Assigned task: Word for word, the data below must be repeated in full; no picture is to be included.

Available data:
-------
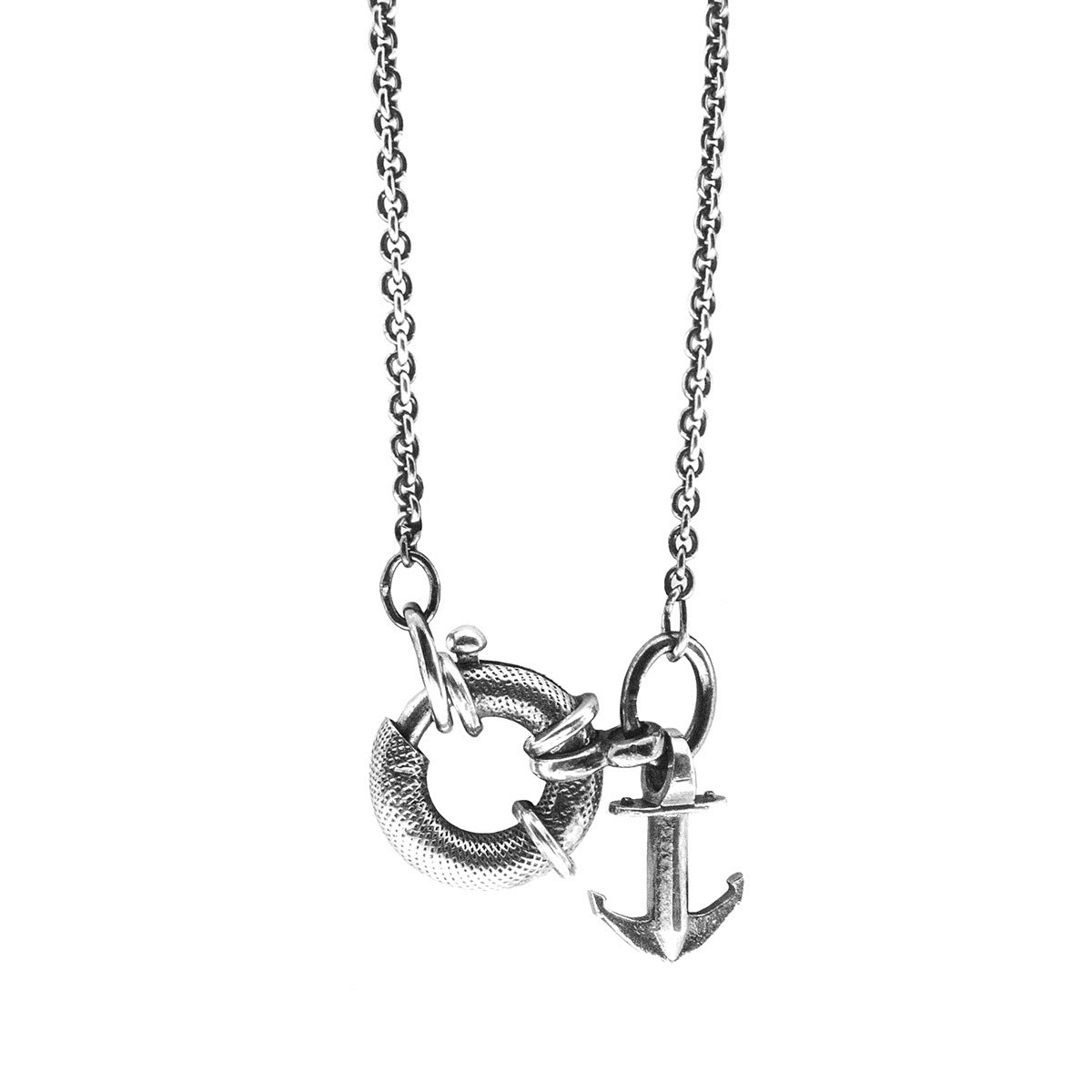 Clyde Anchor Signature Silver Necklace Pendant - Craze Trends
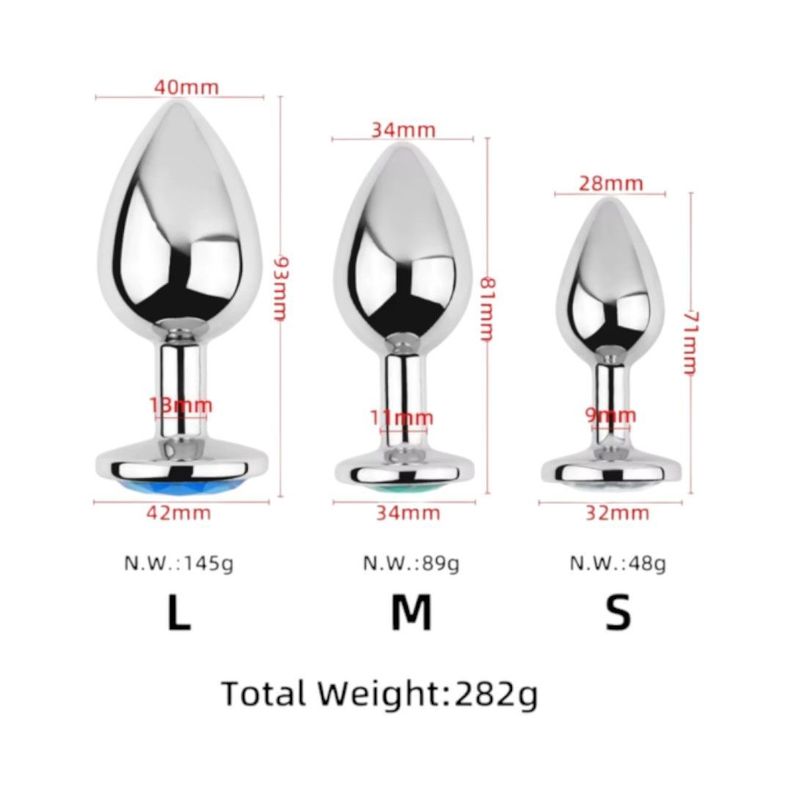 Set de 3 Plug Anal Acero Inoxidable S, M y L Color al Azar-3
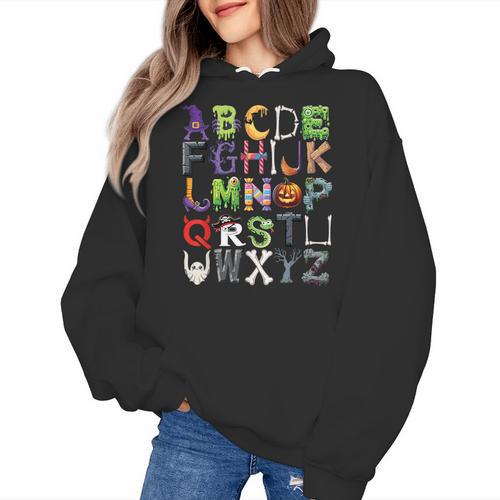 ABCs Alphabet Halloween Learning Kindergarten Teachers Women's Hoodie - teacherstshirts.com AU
-------
Exercise result:
 Clyde Anchor Signature Silver Necklace Pendant - Craze Trends
 Set de 3 Plug Anal Acero Inoxidable S, M y L Color al Azar-3
 ABCs Alphabet Halloween Learning Kindergarten Teachers Women's Hoodie - teacherstshirts.com AU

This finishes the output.